Given we have professor Porter on the thread: may I ask whether there is any known easy way to implement sealing and remote attestation (well at least seaing) inside graphene enclave? I tried something very similar to this library: https://github.com/adombeck/python-sgx by running some C code inside graphene and pass to python. But no luck--the program fails with no output. I probably should start another issue to discuss that topic. Thanks again for help.

@donporter
Copy link
Contributor

@chiache ?

I do not believe we support sealing, but there is some support for remote attestation.

@thomasknauth
Copy link
Contributor

https://github.com/cloud-security-research/sgx-ra-tls/blob/master/README.md maybe this could help? There are examples how to use the RA-TLS library with Graphene. Doing it from within Python should be doable with minimal effort. In fact, the repo demonstrates how to do it from within Python but for SGX-LKL instead of Graphene.

@tarikova
Copy link
Author

Oh wow! This is very helpful @thomasknauth 👍 Thanks so much. I will take a look.

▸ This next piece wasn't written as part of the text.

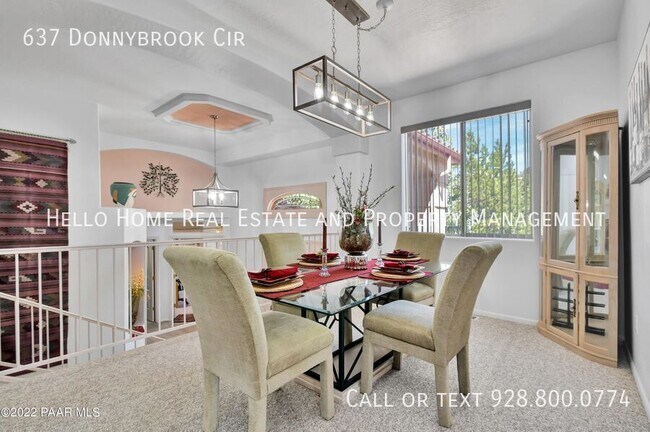 Building Photo - 637 Donnybrook Cir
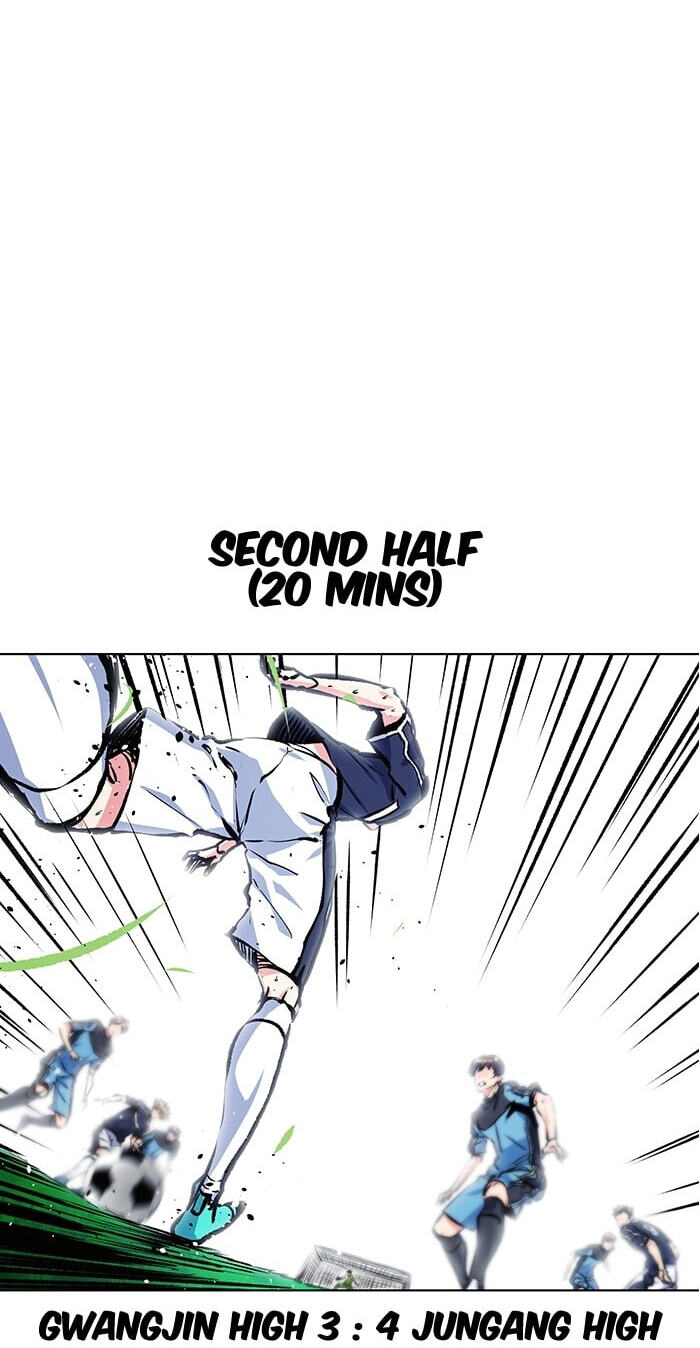 Top Corner Chapter 266 page 2 -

Sealing would be incredibly helpful as that's one way to persist say some sort of key or certificates on a server that we do not trust by design. I will keep trying the swig based solution that I am rooting for i.e. compile a library file that can call the underlying sgx_seal_data function from sgx_tseal.h and then try to call it from python code that is running inside the enclave.

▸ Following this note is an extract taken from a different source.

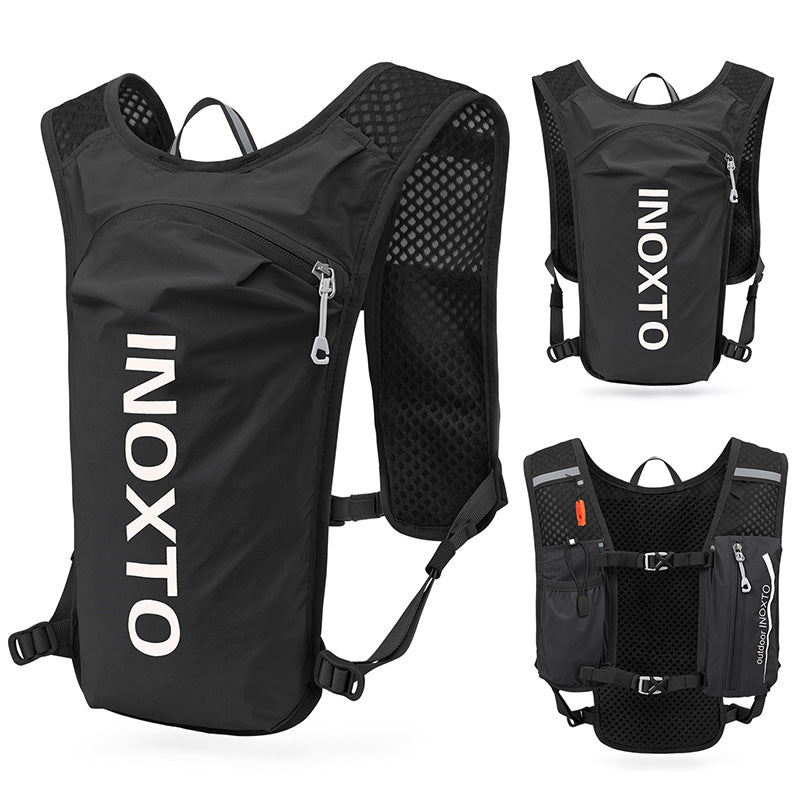 Women's & Men's & Running For Marathon Cross-country Water Bags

I wonder if anyone has ever been successful doing this?

I will keep everyone updated here and issue #157

Thanks again for helpful pointers

@tarikova
Copy link
Author

tarikova commented Oct 25, 2018

One quick issue add--nothing major but I still want to report. When I run some not-very-basic ML algorithm inside graphene, I get the following warning messages (and I get a ton of them):

file_map does not currently support writeable pass-through mappings on SGX.  You may add the PAL_PROT_WRITECOPY (MAP_PRIVATE) flag to your file mapping to keep the writes inside the enclave but they won't be reflected outside of the enclave.

I am wondering what the can I pass-through mappings are here? Can anyone enlighten me about those? Also, does it have any potential performance issues?

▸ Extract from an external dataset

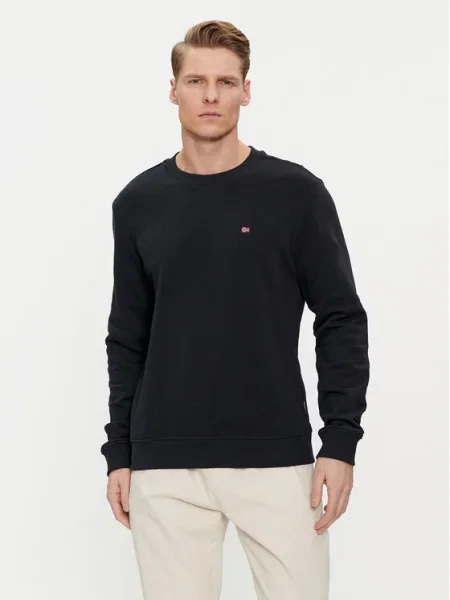 Palton Napapijri negru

p.s. this is the piece of code I ran inside graphene:

print(__doc__)
import sys
sys.path.append('/home/tarik/.local/lib/python2.7/site-packages')

from time import time
t = time()
import numpy as np

from sklearn import metrics
from sklearn.cluster import KMeans
from sklearn.datasets import load_digits
from sklearn.decomposition import PCA
from sklearn.preprocessing import scale

np.random.seed(42)

digits = load_digits()
data = scale(digits.data)

n_samples, n_features = data.shape
n_digits = len(np.unique(digits.target))
labels = digits.target

sample_size = 300

print("n_digits: %d, \t n_samples %d, \t n_features %d"
      % (n_digits, n_samples, n_features))


print(82 * '_')
print('init\t\ttime\tinertia\thomo\tcompl\tv-meas\tARI\tAMI\tsilhouette')

N = 1

def bench_k_means(estimator, name, data):
    t0 = time()
    estimator.fit(data)
    print('%-9s\t%.2fs\t%i\t%.3f\t%.3f\t%.3f\t%.3f\t%.3f\t%.3f'
          % (name, (time() - t0), estimator.inertia_,
             metrics.homogeneity_score(labels, estimator.labels_),
             metrics.completeness_score(labels, estimator.labels_),
             metrics.v_measure_score(labels, estimator.labels_),
             metrics.adjusted_rand_score(labels, estimator.labels_),
             metrics.adjusted_mutual_info_score(labels,  estimator.labels_),
             metrics.silhouette_score(data, estimator.labels_,
                                      metric='euclidean',
                                      sample_size=sample_size)))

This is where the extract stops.